- Opening Delimiter -

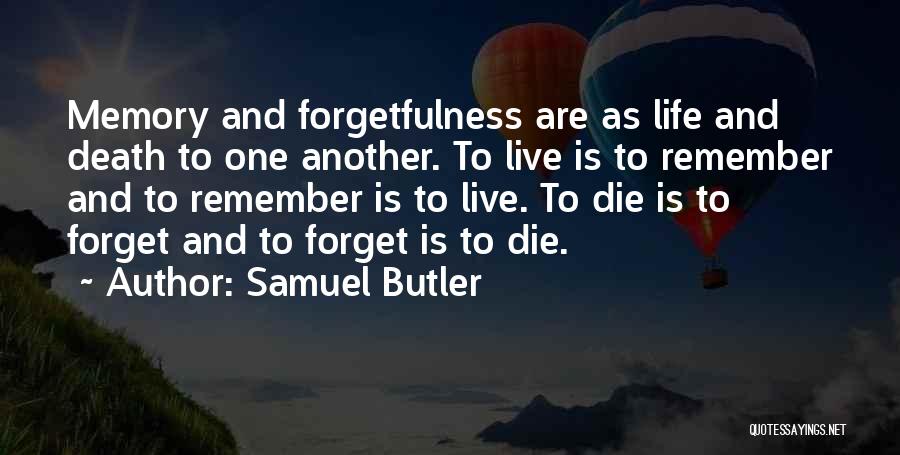 Samuel Butler Quotes: Memory And Forgetfulness Are As Life And Death To One Another. To Live Is To Remember And To Remember Is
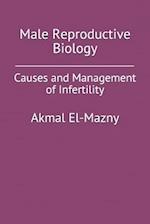 Male Reproductive Biology: Causes and Management of Infertility 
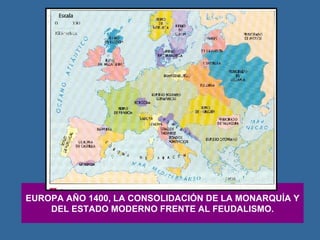 EUROPA AÑO 1400, LA CONSOLIDACIÓN DE LA MONARQUÍA Y DEL ESTADO MODERNO FRENTE AL FEUDALISMO. 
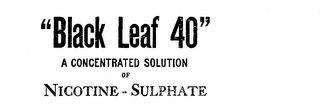 "BLACK LEAF 40" A CONCENTRATED SOLUTION OF NICOTINE-SULPHATE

- Closing Delimiter -

Exercise objective
Write out the data precisely as given, excluding the pictures.

Answer space
 Samuel Butler Quotes: Memory And Forgetfulness Are As Life And Death To One Another. To Live Is To Remember And To Remember Is
 Male Reproductive Biology: Causes and Management of Infertility 
 EUROPA AÑO 1400, LA CONSOLIDACIÓN DE LA MONARQUÍA Y DEL ESTADO MODERNO FRENTE AL FEUDALISMO. 
 "BLACK LEAF 40" A CONCENTRATED SOLUTION OF NICOTINE-SULPHATE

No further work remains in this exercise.